**Assignment**
When you reach the line containing "Lovely Black Color" in the entries below, start writing out each line exactly, and stop after the line containing "animal_ears armband ass".

=== Source records ===

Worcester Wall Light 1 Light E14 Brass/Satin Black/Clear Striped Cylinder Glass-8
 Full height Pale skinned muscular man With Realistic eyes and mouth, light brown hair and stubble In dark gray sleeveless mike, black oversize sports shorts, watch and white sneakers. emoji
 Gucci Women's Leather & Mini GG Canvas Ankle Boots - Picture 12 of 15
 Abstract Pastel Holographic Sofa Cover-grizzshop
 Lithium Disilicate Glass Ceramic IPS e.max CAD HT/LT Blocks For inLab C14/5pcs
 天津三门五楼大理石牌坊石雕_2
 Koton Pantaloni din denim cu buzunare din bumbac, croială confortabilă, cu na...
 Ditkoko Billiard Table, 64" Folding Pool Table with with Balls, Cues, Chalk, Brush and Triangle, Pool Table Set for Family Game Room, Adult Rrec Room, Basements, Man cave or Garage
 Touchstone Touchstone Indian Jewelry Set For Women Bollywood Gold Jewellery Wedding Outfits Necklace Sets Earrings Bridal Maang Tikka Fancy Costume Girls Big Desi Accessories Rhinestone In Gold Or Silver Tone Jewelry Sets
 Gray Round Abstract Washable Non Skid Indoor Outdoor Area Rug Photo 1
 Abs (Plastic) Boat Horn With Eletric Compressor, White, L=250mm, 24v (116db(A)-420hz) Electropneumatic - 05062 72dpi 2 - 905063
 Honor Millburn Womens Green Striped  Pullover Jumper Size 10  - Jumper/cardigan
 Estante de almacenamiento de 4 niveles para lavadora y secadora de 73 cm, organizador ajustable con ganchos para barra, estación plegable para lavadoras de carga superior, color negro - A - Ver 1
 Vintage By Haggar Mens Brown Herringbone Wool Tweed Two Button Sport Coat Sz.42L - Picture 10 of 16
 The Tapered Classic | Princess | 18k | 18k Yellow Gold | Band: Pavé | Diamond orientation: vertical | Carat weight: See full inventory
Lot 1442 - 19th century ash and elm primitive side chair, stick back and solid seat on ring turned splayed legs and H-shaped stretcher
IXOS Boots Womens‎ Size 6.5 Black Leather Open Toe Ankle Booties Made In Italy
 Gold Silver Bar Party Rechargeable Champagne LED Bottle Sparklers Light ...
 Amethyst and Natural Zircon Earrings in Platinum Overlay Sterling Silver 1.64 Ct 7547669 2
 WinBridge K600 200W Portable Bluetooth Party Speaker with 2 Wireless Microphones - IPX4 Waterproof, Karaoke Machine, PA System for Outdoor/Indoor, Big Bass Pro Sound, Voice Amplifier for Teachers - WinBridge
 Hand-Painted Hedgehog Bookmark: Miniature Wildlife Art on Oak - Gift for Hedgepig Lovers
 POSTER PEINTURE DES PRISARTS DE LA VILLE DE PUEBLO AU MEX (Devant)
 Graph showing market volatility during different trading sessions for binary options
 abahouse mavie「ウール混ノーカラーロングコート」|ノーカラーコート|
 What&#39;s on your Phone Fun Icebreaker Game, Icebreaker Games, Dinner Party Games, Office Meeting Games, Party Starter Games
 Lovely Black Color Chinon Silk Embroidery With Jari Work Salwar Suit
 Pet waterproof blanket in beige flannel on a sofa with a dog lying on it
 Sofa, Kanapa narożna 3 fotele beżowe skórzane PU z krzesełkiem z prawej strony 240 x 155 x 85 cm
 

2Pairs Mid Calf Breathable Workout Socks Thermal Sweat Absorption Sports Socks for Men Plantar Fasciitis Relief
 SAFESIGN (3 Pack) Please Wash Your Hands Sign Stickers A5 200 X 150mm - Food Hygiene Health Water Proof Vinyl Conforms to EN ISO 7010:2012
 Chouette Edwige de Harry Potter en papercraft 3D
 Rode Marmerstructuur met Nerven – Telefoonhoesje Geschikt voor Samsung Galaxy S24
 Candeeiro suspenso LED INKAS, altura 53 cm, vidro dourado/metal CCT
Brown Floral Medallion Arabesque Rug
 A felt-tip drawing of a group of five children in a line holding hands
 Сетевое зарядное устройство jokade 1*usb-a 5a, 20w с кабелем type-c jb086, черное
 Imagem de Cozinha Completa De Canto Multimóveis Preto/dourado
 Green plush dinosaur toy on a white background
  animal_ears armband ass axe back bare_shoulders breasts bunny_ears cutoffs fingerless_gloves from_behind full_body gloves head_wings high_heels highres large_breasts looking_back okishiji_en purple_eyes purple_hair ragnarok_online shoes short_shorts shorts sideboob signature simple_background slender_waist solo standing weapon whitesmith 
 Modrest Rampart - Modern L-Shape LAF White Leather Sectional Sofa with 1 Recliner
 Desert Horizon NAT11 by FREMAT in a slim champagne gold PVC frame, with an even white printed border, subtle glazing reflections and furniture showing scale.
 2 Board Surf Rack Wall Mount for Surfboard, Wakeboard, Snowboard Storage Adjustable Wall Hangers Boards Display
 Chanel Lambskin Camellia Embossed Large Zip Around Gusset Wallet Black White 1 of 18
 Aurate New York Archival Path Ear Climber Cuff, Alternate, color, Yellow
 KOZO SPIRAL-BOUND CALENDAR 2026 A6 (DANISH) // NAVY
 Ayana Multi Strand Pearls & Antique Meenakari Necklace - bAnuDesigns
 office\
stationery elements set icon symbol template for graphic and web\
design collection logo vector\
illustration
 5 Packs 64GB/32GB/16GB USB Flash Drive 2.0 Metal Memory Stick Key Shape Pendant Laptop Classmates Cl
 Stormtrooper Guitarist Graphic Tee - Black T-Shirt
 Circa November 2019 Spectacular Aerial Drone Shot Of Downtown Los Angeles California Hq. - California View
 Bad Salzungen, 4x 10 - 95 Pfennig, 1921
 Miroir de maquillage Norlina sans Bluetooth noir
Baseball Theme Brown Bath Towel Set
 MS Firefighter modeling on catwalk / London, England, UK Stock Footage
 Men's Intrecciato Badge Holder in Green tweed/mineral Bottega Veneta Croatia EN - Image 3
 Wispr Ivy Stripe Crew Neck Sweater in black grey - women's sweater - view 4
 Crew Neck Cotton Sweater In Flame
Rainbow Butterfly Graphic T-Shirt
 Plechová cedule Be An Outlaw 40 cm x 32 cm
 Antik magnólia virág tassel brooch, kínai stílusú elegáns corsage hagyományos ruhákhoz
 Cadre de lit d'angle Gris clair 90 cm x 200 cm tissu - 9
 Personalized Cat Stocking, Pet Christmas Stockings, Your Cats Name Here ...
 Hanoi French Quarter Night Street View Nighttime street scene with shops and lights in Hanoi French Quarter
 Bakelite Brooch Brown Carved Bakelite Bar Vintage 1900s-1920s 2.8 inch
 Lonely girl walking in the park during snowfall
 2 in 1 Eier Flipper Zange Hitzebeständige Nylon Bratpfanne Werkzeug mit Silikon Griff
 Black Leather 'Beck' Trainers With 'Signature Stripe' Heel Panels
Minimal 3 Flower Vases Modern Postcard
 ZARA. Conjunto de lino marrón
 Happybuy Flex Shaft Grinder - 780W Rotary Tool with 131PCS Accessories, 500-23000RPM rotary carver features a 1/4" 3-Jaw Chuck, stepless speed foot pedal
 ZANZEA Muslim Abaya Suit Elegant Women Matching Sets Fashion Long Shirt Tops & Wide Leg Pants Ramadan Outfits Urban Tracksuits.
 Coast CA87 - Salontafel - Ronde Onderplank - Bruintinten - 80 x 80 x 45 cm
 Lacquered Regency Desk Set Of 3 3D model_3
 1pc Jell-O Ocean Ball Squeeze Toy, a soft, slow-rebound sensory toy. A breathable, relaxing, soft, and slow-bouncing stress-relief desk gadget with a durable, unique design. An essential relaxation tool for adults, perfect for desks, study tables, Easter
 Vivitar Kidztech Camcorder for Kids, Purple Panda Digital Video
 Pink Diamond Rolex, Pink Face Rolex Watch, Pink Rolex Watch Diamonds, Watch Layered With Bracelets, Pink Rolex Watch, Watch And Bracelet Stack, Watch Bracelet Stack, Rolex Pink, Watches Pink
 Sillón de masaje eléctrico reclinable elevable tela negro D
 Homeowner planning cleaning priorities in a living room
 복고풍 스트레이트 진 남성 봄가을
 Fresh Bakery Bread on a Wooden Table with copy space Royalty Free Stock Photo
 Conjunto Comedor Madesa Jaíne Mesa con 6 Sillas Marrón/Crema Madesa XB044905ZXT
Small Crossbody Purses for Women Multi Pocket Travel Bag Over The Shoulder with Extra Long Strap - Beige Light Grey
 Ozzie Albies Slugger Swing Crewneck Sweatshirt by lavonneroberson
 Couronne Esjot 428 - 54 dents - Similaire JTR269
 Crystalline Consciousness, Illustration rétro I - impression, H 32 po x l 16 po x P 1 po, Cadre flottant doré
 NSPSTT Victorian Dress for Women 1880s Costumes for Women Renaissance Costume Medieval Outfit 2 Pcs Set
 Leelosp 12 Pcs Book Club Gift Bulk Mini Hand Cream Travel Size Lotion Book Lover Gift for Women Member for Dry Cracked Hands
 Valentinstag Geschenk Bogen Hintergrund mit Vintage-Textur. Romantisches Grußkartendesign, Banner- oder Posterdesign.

===

**Exercise result**
 Lovely Black Color Chinon Silk Embroidery With Jari Work Salwar Suit
 Pet waterproof blanket in beige flannel on a sofa with a dog lying on it
 Sofa, Kanapa narożna 3 fotele beżowe skórzane PU z krzesełkiem z prawej strony 240 x 155 x 85 cm
 

2Pairs Mid Calf Breathable Workout Socks Thermal Sweat Absorption Sports Socks for Men Plantar Fasciitis Relief
 SAFESIGN (3 Pack) Please Wash Your Hands Sign Stickers A5 200 X 150mm - Food Hygiene Health Water Proof Vinyl Conforms to EN ISO 7010:2012
 Chouette Edwige de Harry Potter en papercraft 3D
 Rode Marmerstructuur met Nerven – Telefoonhoesje Geschikt voor Samsung Galaxy S24
 Candeeiro suspenso LED INKAS, altura 53 cm, vidro dourado/metal CCT
Brown Floral Medallion Arabesque Rug
 A felt-tip drawing of a group of five children in a line holding hands
 Сетевое зарядное устройство jokade 1*usb-a 5a, 20w с кабелем type-c jb086, черное
 Imagem de Cozinha Completa De Canto Multimóveis Preto/dourado
 Green plush dinosaur toy on a white background
  animal_ears armband ass axe back bare_shoulders breasts bunny_ears cutoffs fingerless_gloves from_behind full_body gloves head_wings high_heels highres large_breasts looking_back okishiji_en purple_eyes purple_hair ragnarok_online shoes short_shorts shorts sideboob signature simple_background slender_waist solo standing weapon whitesmith 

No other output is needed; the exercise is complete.